Les états représenterent que cette imposition portoit une atteinte sensible à leurs privilèges ; que puisqu’elle avoit pour motif de diminuer l’abus du sel gris en Artois, ils croyoient ne pouvoir donner à sa majesté, des preuves plus sinceres de leur zèle pour son service, & du desir qu’ils avoient de concourir à la destruction du faux-saunage, qu’en consentant à ce que l’usage & le commerce du sel gris fussent interdits dans leur province.

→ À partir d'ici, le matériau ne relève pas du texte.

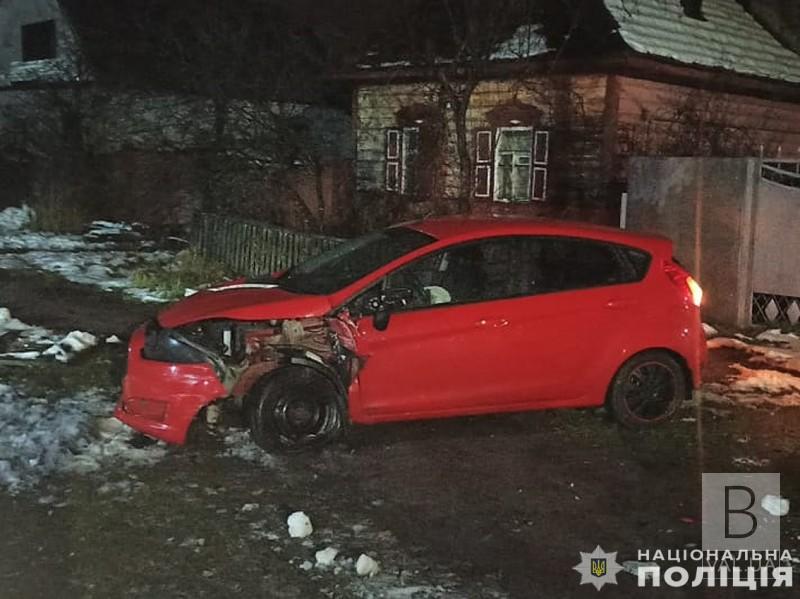 У Корюківці п’яний водій в’їхав в електроопору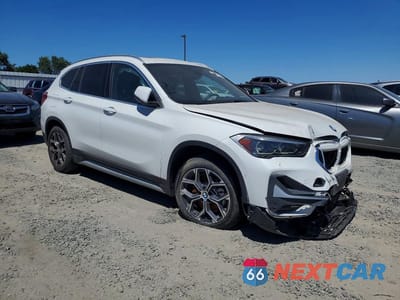 Czwarte zdjęcie samochodu z boku: 2022 BMW X1 SDRIVE28I VIN:WBXJG7C08N5U49380 - miniatura
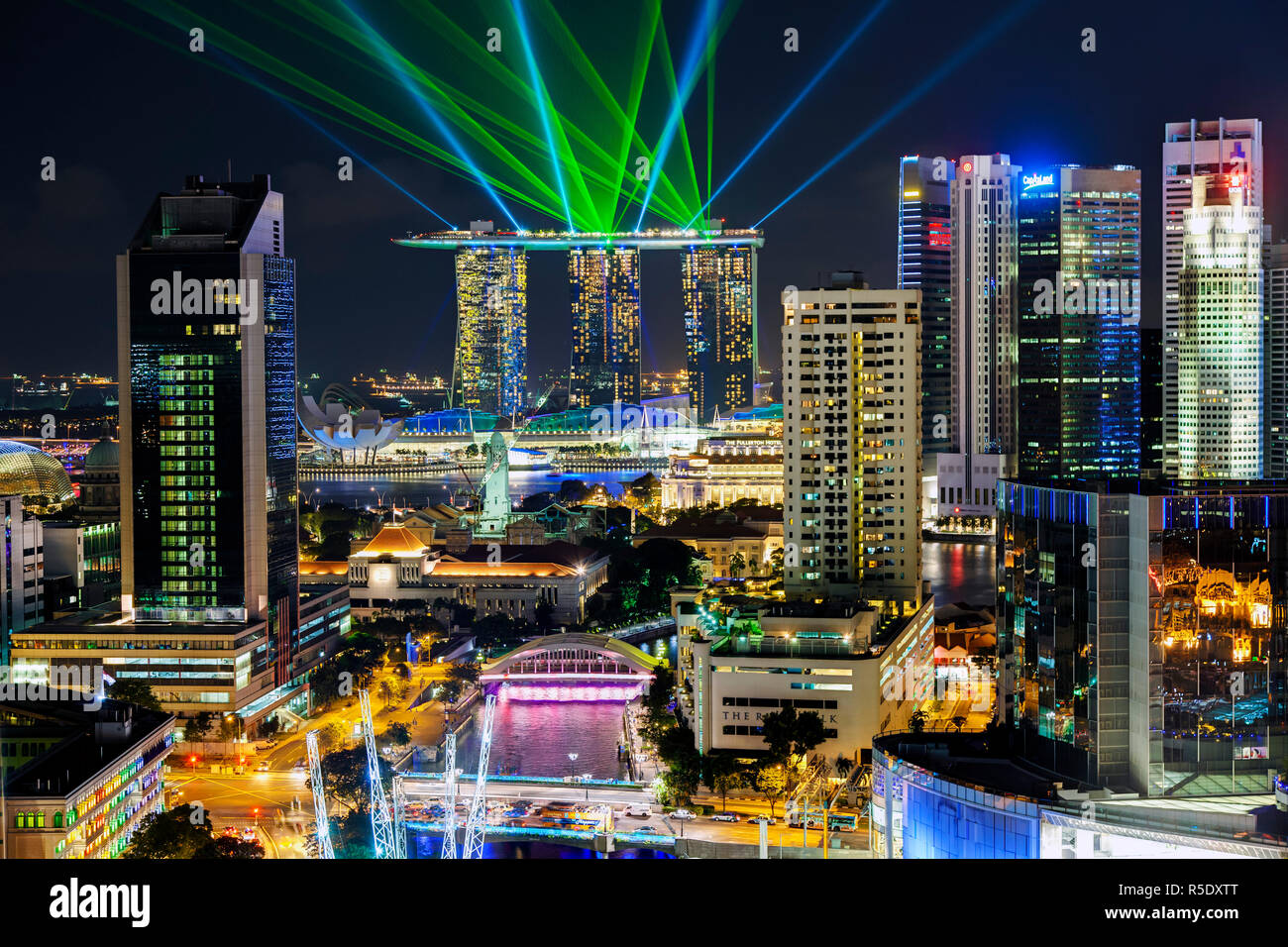 Singapore, vista in elevazione sopra il quartiere degli intrattenimenti di Clarke Quay, il fiume Singapore e dello skyline della città Foto Stock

Cette proposition ayant été agréée, il intervint le 29 février 1719, un arrêt du conseil qui révoqua celui du 28 juillet précédent ; défendit l’usage & le commerce du sel gris, à peine de confiscation, & trois mille livres d’amende, & permit le transport & l’usage du sel blanc, dans toute l’étendue de la province, avec la liberté d’en faire des magasins, excepté dans les paroisses situées dans les trois lieues limitrophes du pays de gabelles.

Un autre arrêt du 21 juin 1773, prescrivit de nouvelles précautions pour empêcher le faux-saunage qui se faisoit à saint Pol. Il fut défendu aux habitans d’avoir dans leurs maisons, une plus grande quantité de sel à la fois, que ce qui étoit nécessaire pour leur usage pendant six mois, à raison de cent livres, pour sept personnes par an, sous les peines portées par l’ordonnance.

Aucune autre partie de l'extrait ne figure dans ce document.